The following is my homework assignment for Week 5 (TIDY/DPLYR).
I am loading the data from MySQL and all the libraries I will use (tidyr, dplyr, knitr, stringr, RMySQL).
library(tidyr)
library(dplyr)
##
## Attaching package: 'dplyr'
## The following objects are masked from 'package:stats':
##
## filter, lag
## The following objects are masked from 'package:base':
##
## intersect, setdiff, setequal, union
library(stringr)
library(knitr)
library(RMySQL)
## Loading required package: DBI
con <- dbConnect(RMySQL::MySQL(),
dbname = "CUNY607",
host = "localhost",
port = 3306,
user = "root",
password = "CUNYDATA")
table_names <- dbListTables(con)
HW5 <- dbReadTable(con, "HW5")
# Fill in missing arilines before doing cleanup
HW5[HW5$Performance == "delayed" & HW5$LosAngeles == "62" & HW5$Airline == "", "Airline"] <- "ALASKA"
HW5[HW5$Performance == "delayed" & HW5$LosAngeles == "117" & HW5$Airline == "", "Airline"] <- "AM WEST"
kable(HW5, caption="Table 1. Data from MySQL with empty cells filled in")
ID | Airline | Performance | LosAngeles | Phoenix | SanDiego | SanFrancisco | Seattle |
---|---|---|---|---|---|---|---|
1 | ALASKA | on time | 497 | 221 | 212 | 503 | 1841 |
2 | ALASKA | delayed | 62 | 12 | 20 | 102 | 305 |
3 | NA | NA | NA | NA | NA | ||
4 | AM WEST | on time | 694 | 4840 | 383 | 320 | 201 |
5 | AM WEST | delayed | 117 | 415 | 65 | 129 | 61 |
Cleaning the data with dplyr and tidyr.
HW5<-tbl_df(HW5)
HW5a <- HW5 %>% filter(Performance != "") %>% gather("Destination","Count",4:8)
HW5a <- HW5a[2:5]
HW5a <- HW5a %>% group_by(Airline, Performance, Destination) %>%spread(Performance, Count)

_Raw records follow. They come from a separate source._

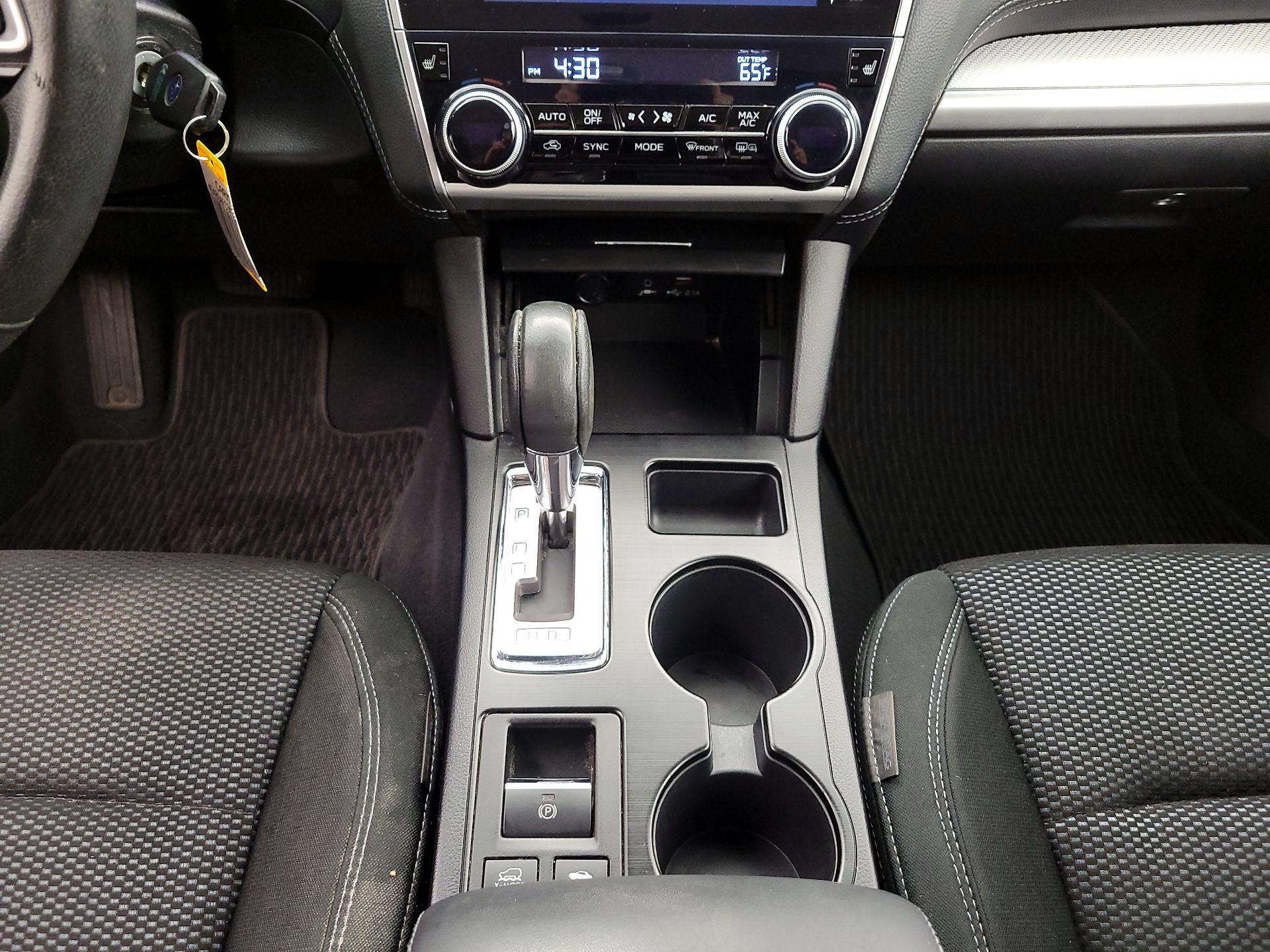 Thumbnail: 2019 Subaru Outback - 18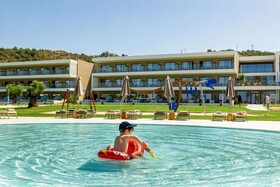 Ammoa Luxury Hotel & Spa Resort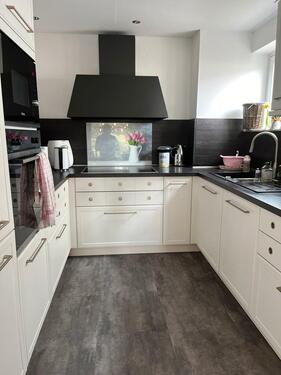 Foto - Wunderschöne 3 ZW mit Pool, Garage in Kapellen-Grevenbroich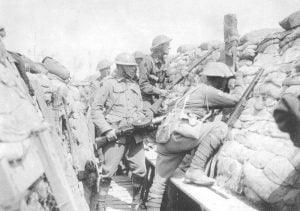 Infanteristen und ein Lewis-MG-Schütze der 2. australischen Division 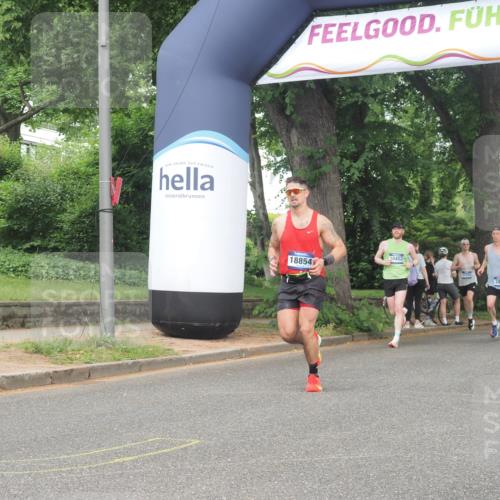 29.06.2025 - hella hamburg halbmarathon KatJ http://msf.ph/oto/8359618 29.06.2025 10:22:21 Zwischen KM18-KM19  meine-sportfotos.de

colnames(HW5a) <- str_to_title(colnames(HW5a))
kable(HW5a, caption="Table 2. Airline Data Tidy and Spread for Analysis")
Airline | Destination | Delayed | On Time |
---|---|---|---|
ALASKA | LosAngeles | 62 | 497 |
ALASKA | Phoenix | 12 | 221 |
ALASKA | SanDiego | 20 | 212 |
ALASKA | SanFrancisco | 102 | 503 |
ALASKA | Seattle | 305 | 1841 |
AM WEST | LosAngeles | 117 | 694 |
AM WEST | Phoenix | 415 | 4840 |
AM WEST | SanDiego | 65 | 383 |
AM WEST | SanFrancisco | 129 | 320 |
AM WEST | Seattle | 61 | 201 |
Analyze Data
#prep data for analysis
HW5b <- HW5a %>% mutate(Total = Delayed+`On Time`, PercentDelayed = round(Delayed/Total,2))
#Method 1
HW5c <- HW5b %>% group_by(Airline) %>% summarise(AirlineDelay = mean(PercentDelayed,2))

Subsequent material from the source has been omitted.